Alla cortese attenzione del futuro Ministro dell’Istruzione

Ci permettiamo di disturbarla in queste calde e turbolente giornate di trattative politiche perché, tra le molteplici problematiche che si trova ad affrontare, non tralasci una questione che riteniamo di primaria importanza.

Siamo quattro ragazze di 25 anni, laureate in lettere moderne e “militanti” da più di un anno nel mondo della scuola e dell’educazione. Sì, militiamo, perché per noi ogni giornata con i ragazzi è una sfida grande e affascinante, che ci permette di crescere. In classe abbiamo la responsabilità di un gran numero di studenti che pur immersi spesso in uno scetticismo dilagante, hanno voglia di scoprire con noi ciò che c’è d’interessante nel mondo e quale sia il loro destino. Siamo in prima linea, di fianco ai genitori, nel cercare di far fronte alle difficoltà dei nostri alunni, nel tentare di rispondere con loro alle molteplici questioni che la vita gli pone, accompagnandoli verso l’età adulta. Li sproniamo ad essere protagonisti della loro vita, a prendere sul serio i loro doveri, a guardare uomini che nella storia hanno saputo ambire a cose grandi.



La nostra passione per l’insegnamento e la didattica si scontra però con un problema di non poco conto: l’ultimo concorso per l’abilitazione all’insegnamento indetto dallo Stato (Tfa) risale all’anno 2014. Nel corso del tempo è stato modificato, passando da Tfa a Fit, per il quale erano necessari 24 Cfu in materie psico-pedagogiche, antropologiche e didattiche. Abbiamo sostenuto tutti gli esami necessari, pagando all’università le cifre richieste, ma poi anche il Fit è stato abolito.
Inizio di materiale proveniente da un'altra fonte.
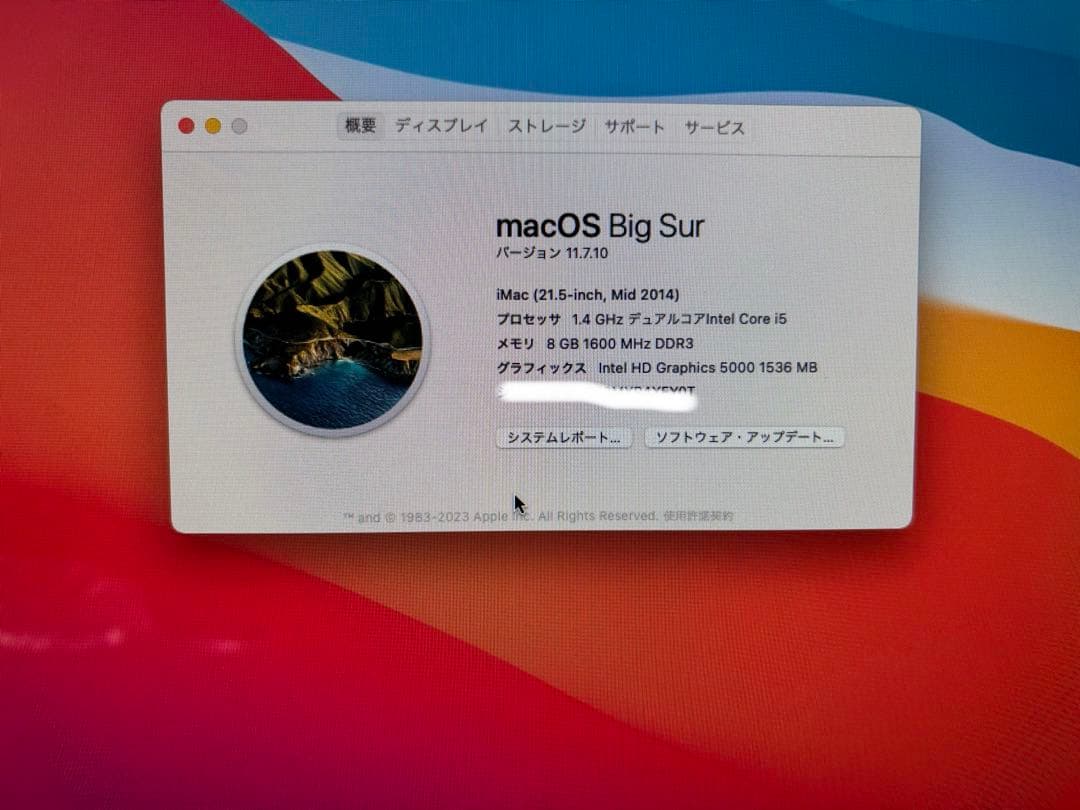 iMac 21.5インチ 2014モデル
Da 5 anni ormai non sono più stati indetti concorsi per abilitarsi, il che significa che lo Stato italiano non permette a giovani insegnanti di età compresa tra i 24 e i 30 anni (per il momento) di entrare a far parte del sistema scolastico, che tuttavia è in sofferenza e ha bisogno di nuove forze.
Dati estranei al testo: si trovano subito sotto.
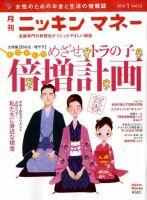ニッキンマネー 2010年1月号 (発売日2009年12月02日) 表紙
Non per nostra inadempienza, dunque, non possiamo abilitarci, ma per inadempienza dello Stato. Ora abbiamo la fortuna di lavorare in scuole paritarie che però sono costrette a licenziarci a giugno, dopo gli esami, non garantendoci stabilità e non permettendoci dunque di progettare un futuro a lungo termine.
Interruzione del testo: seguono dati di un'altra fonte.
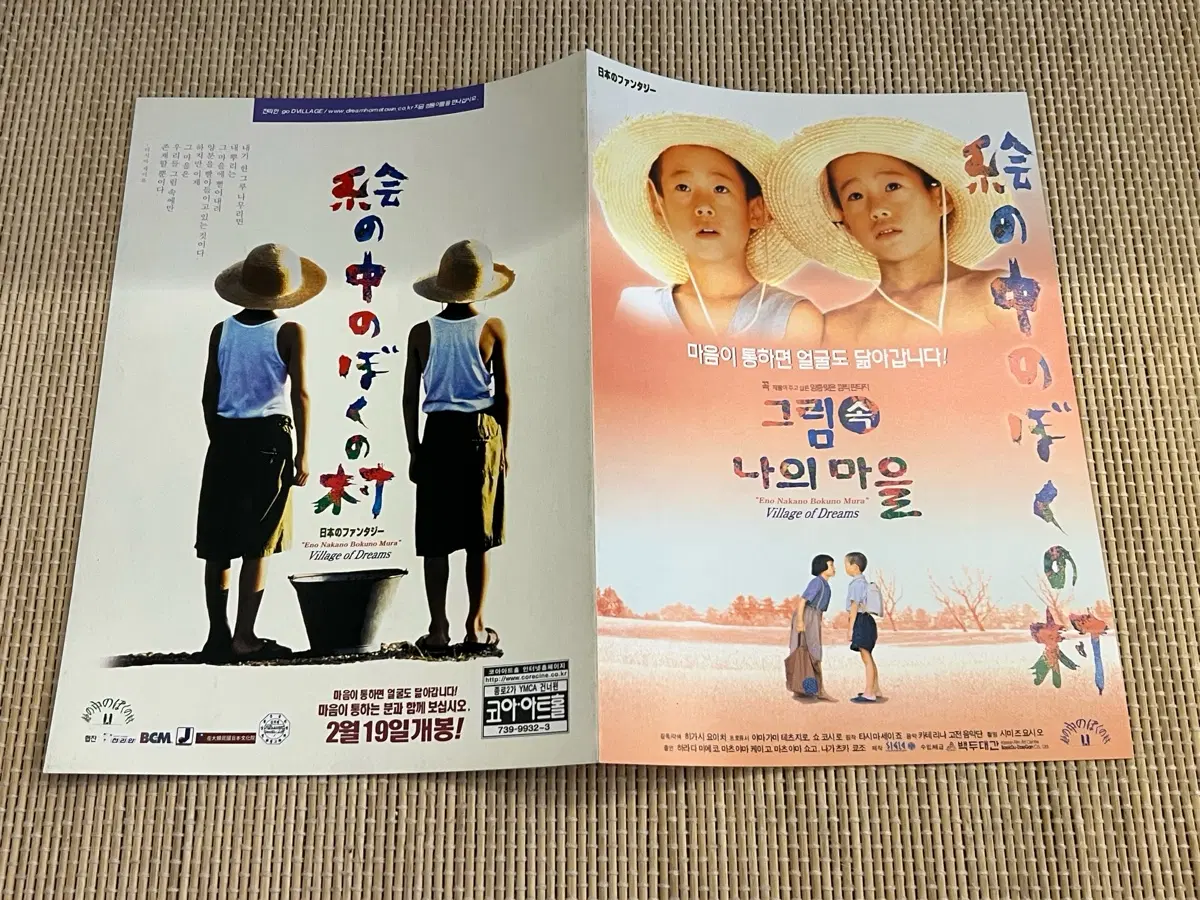 그림 속 나의 마을 영화 전단지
Siamo convinte che il mondo della scuola e quindi dell’educazione dei giovani debba essere trattato con un occhio di riguardo da chi guida il Paese: i giovani sono infatti il nostro futuro ed è necessario dar loro un’educazione che gli permetta di diventare uomini e donne intelligenti e liberi, in grado di mettere al servizio della comunità i propri talenti (che sono tanti!). Per un lavoro serio con loro è necessaria una progettualità e una continuità nel tempo, garantite, in primis, dalla presenza stabile di noi insegnanti.



Abbiamo fiducia nello Stato italiano e riteniamo necessario che il nostro lavoro sia da esso riconosciuto e valorizzato.

Con questa lettera auspichiamo che nelle prossime decisioni di governo e negli eventuali passaggi di consegna si prendano in considerazione due richieste che vorremmo avanzare. Una laurea magistrale e l’acquisizione dei 24 Cfu non possono essere considerati come abilitanti per insegnare? Nel caso in cui tali requisiti non fossero ancora sufficienti, serverebbe chiarezza circa i modi e i tempi dell’iter che dovremo affrontare. Riteniamo infatti che chiunque si troverà a governare dovrà avere tra le priorità la formazione delle giovani generazioni. Troppo tempo è già stato perso. Occorre chiarezza nei percorsi per i futuri insegnanti e coraggio nell’investire sul futuro del nostro Paese.